**Description of the task**
Give back the lines below verbatim, omitting all pictures.
□ □ □
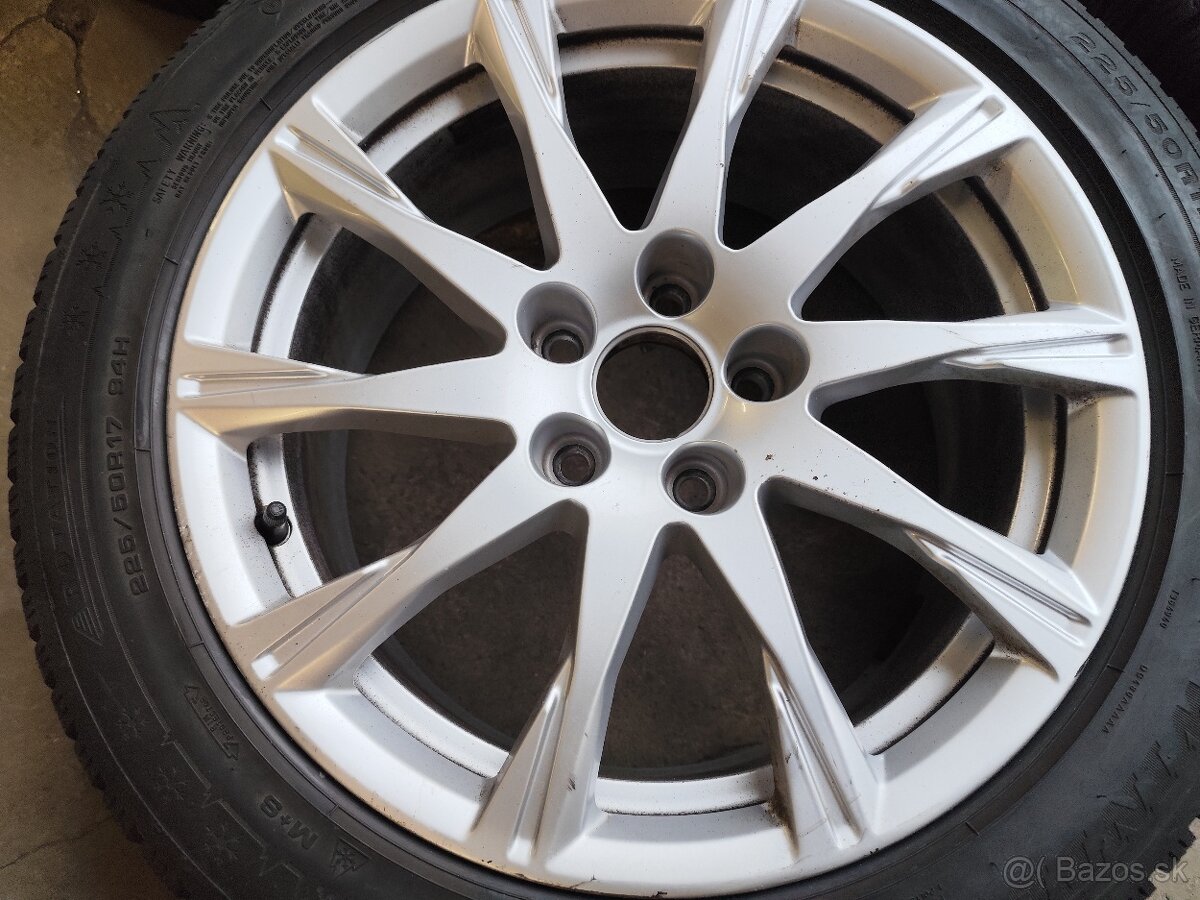 Audi sada alu +pneu 17" - 3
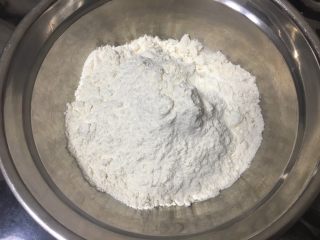 1、改良版蔬菜肉卷饼,面粉200g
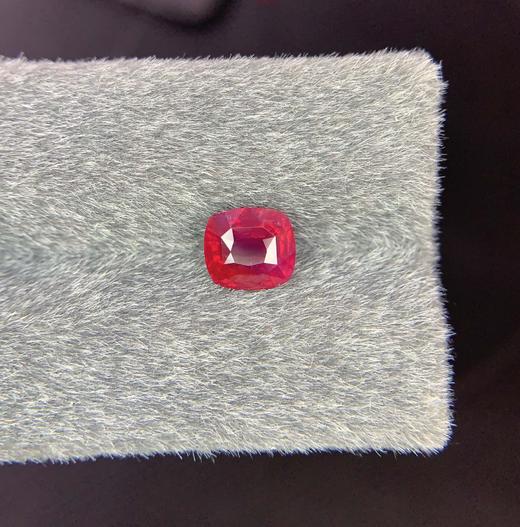 2.54ct 红宝石裸石 商品图4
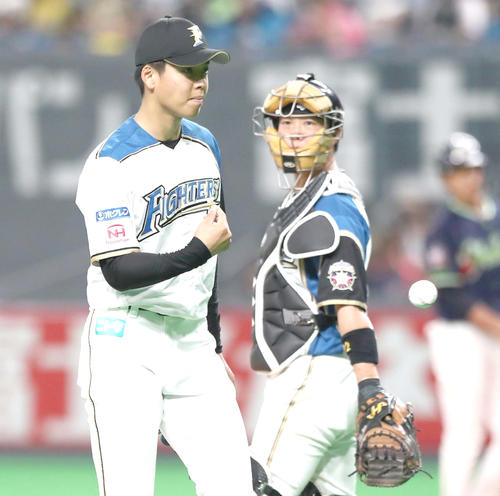 日本ハム対ヤクルト　5回途中降板の杉浦（撮影・黒川智章）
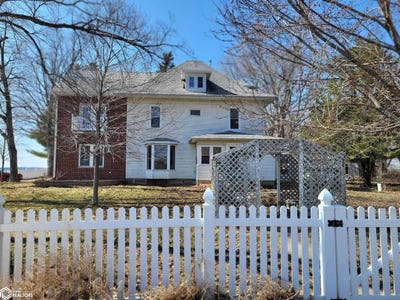 /international/us/2107-148th-street-albion-ia-110106310393/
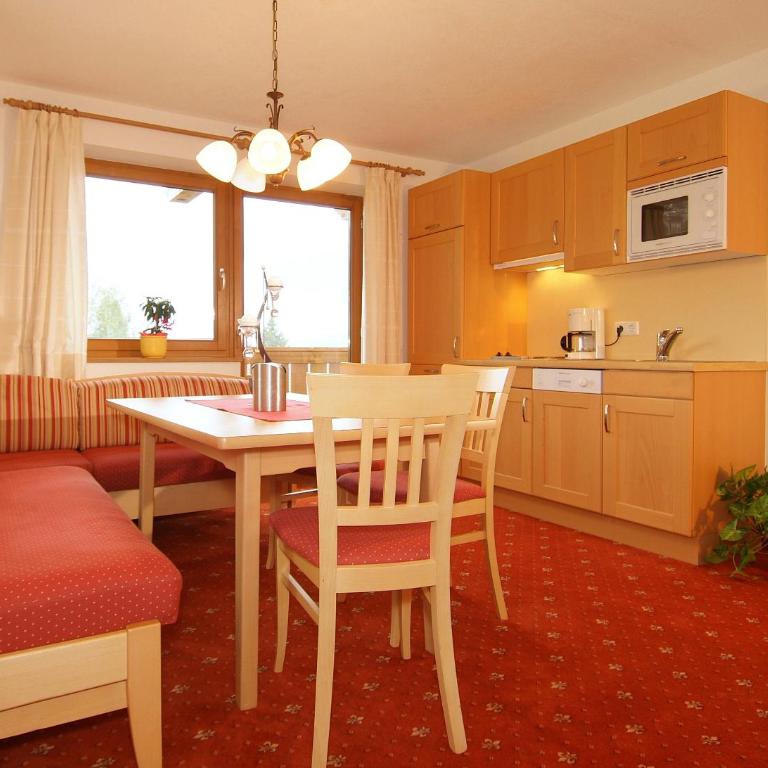 Gästehaus Wöberlerhof - Apartment mit 3 Schlafzimmern und Balkon - 2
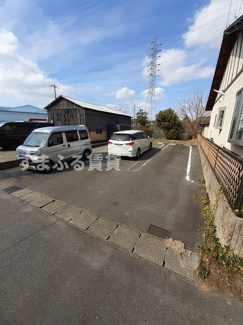 【駐車場】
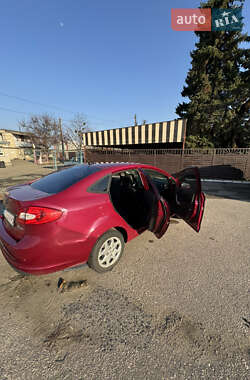 Седан Ford Fiesta 2011 в 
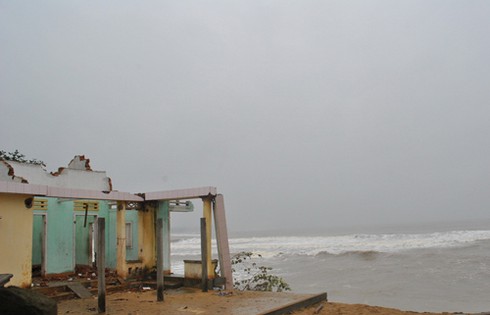 Quảng Ngãi: 2 tàu cá cùng 21 ngư dân gặp nạn trên biển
□ □ □
**Task result**
 Audi sada alu +pneu 17" - 3
 1、改良版蔬菜肉卷饼,面粉200g
 2.54ct 红宝石裸石 商品图4
 日本ハム対ヤクルト　5回途中降板の杉浦（撮影・黒川智章）
 /international/us/2107-148th-street-albion-ia-110106310393/
 Gästehaus Wöberlerhof - Apartment mit 3 Schlafzimmern und Balkon - 2
 【駐車場】
 Седан Ford Fiesta 2011 в 
 Quảng Ngãi: 2 tàu cá cùng 21 ngư dân gặp nạn trên biển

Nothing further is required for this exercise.